■ EXERCISE MATERIAL
-=-=-=-=-

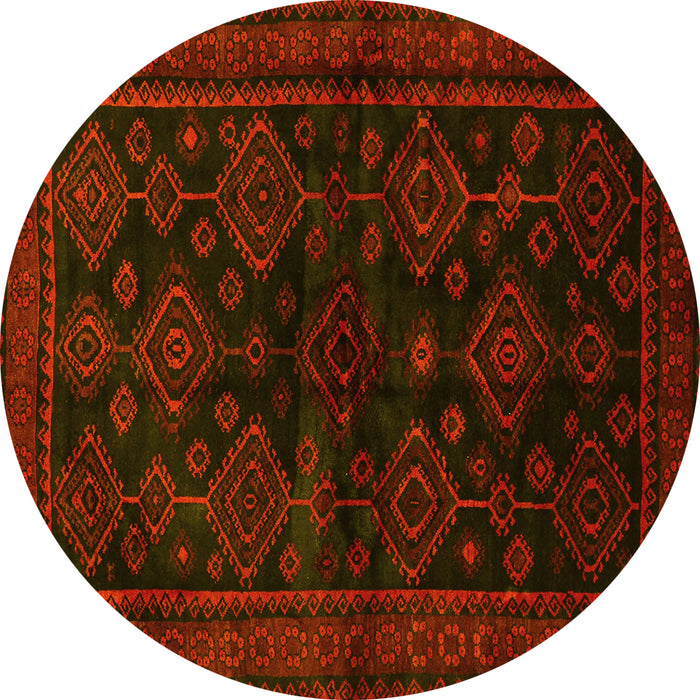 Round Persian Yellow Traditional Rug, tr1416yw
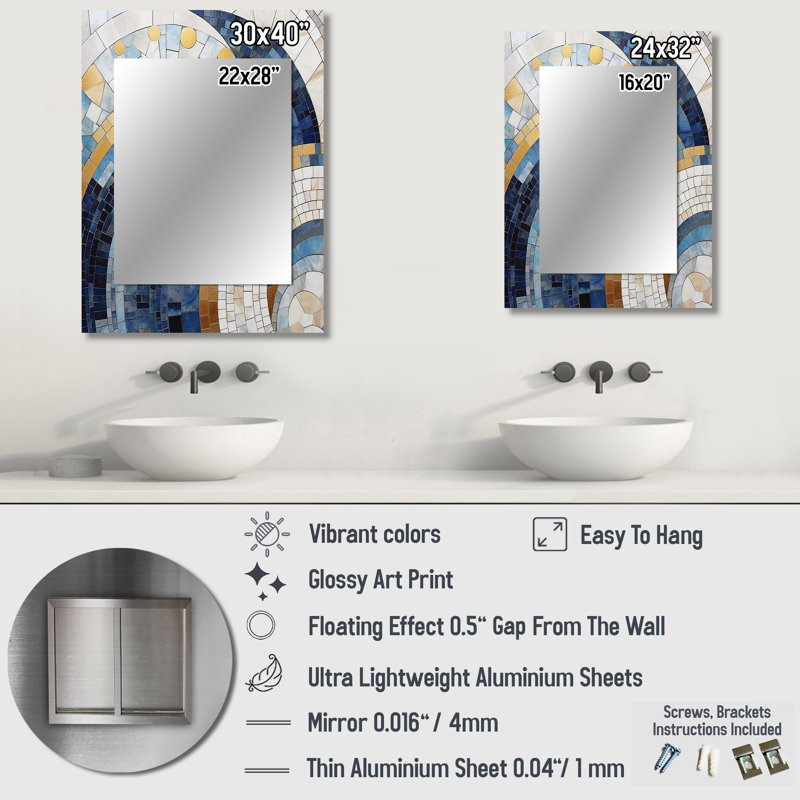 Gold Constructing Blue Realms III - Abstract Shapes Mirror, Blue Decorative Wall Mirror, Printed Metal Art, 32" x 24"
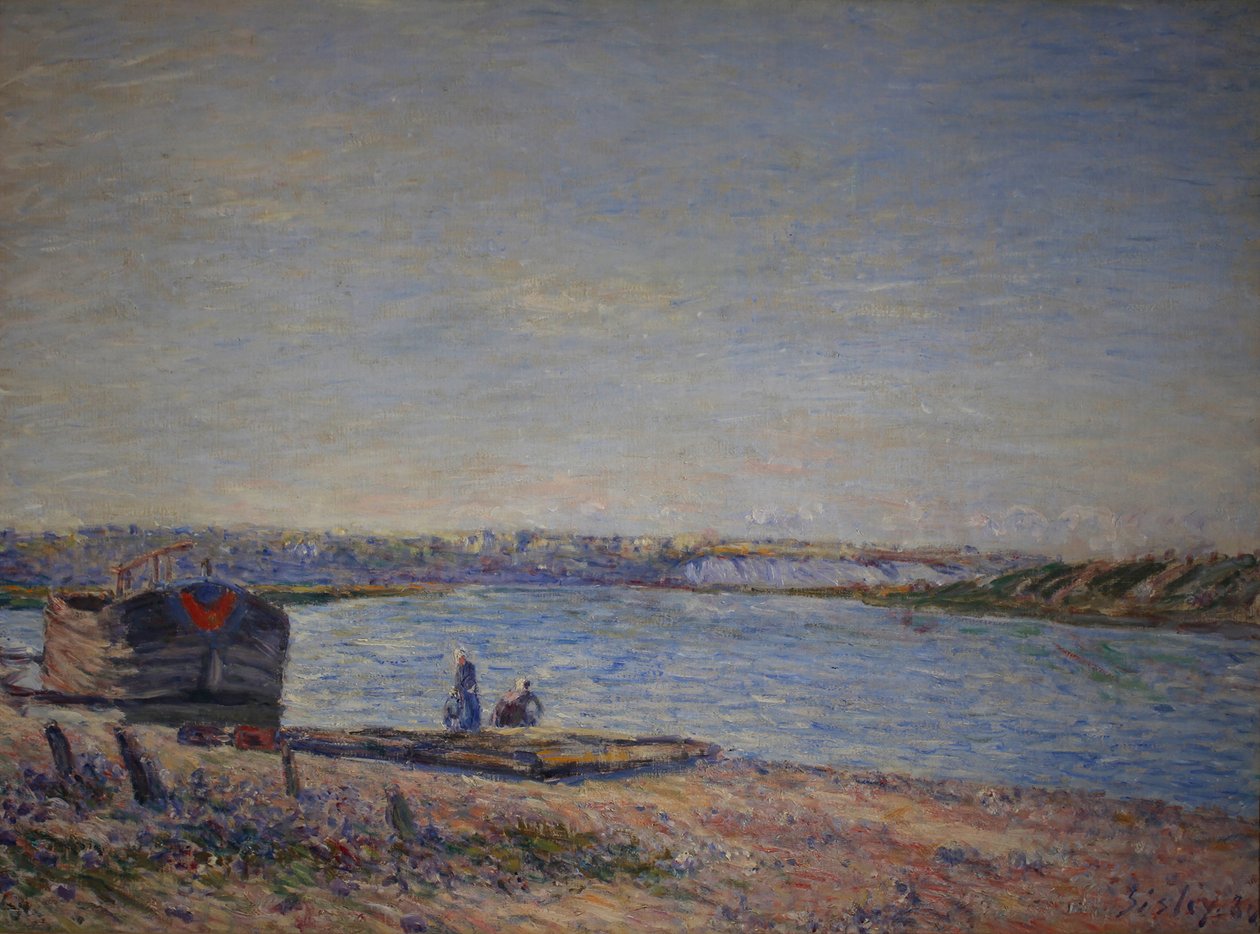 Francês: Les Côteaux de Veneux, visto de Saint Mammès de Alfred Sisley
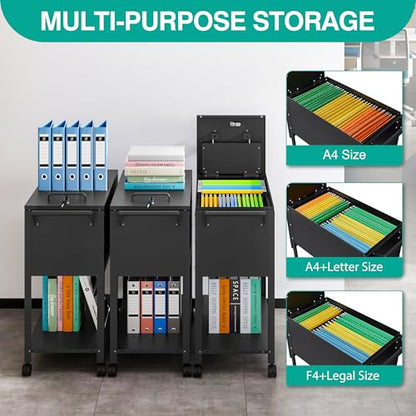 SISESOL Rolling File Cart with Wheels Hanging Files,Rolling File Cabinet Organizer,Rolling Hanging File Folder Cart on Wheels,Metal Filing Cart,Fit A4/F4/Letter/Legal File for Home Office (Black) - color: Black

-=-=-=-=-

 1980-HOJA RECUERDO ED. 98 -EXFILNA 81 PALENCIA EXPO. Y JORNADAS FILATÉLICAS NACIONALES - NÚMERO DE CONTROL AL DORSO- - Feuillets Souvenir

-=-=-=-=-

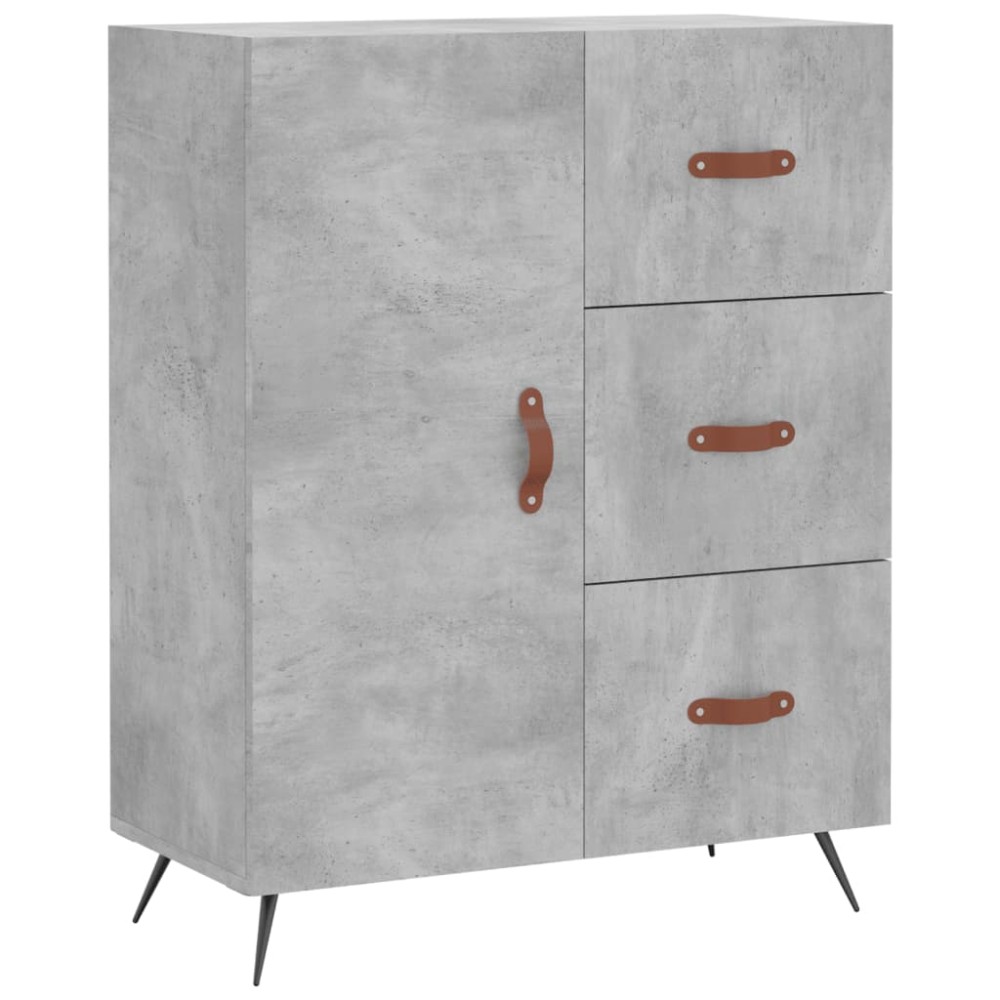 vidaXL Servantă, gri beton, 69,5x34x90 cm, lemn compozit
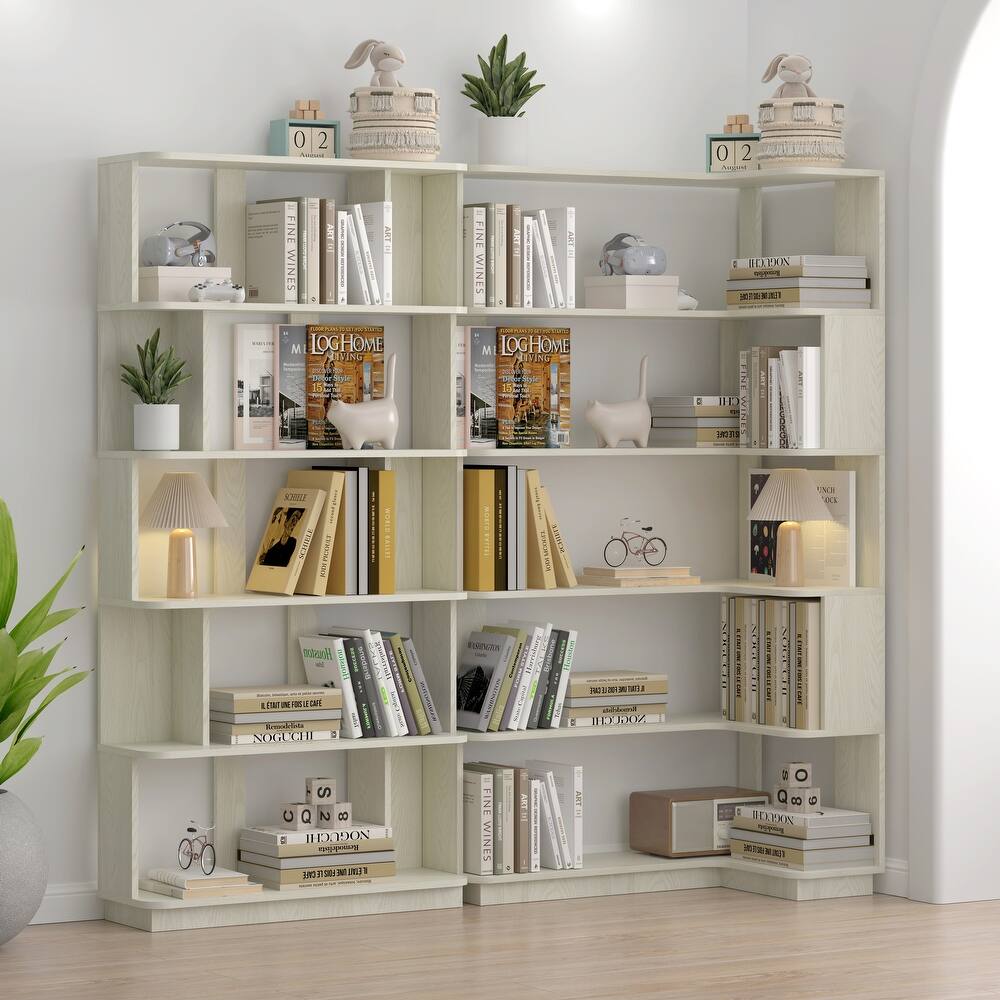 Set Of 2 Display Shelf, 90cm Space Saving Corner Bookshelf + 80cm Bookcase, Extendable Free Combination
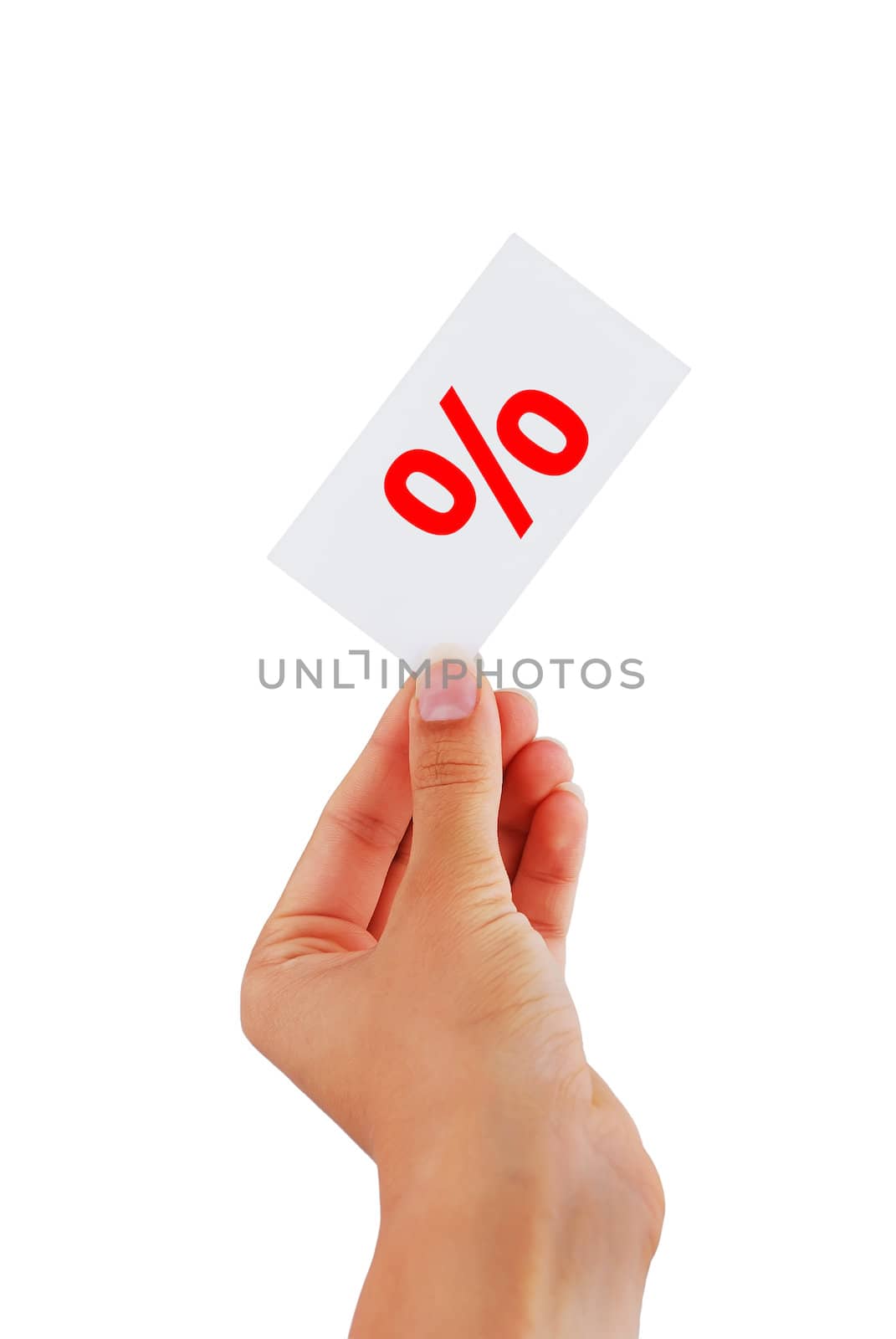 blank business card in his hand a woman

-=-=-=-=-

■ TASK BRIEF
Give again, exactly as written above, every line from the one holding "vidaXL Servantă, gri" to the one holding "blank business card in his hand a woman", with both ends kept and the pictures left out.

■ EXERCISE RESPONSE
 vidaXL Servantă, gri beton, 69,5x34x90 cm, lemn compozit
 Set Of 2 Display Shelf, 90cm Space Saving Corner Bookshelf + 80cm Bookcase, Extendable Free Combination
 blank business card in his hand a woman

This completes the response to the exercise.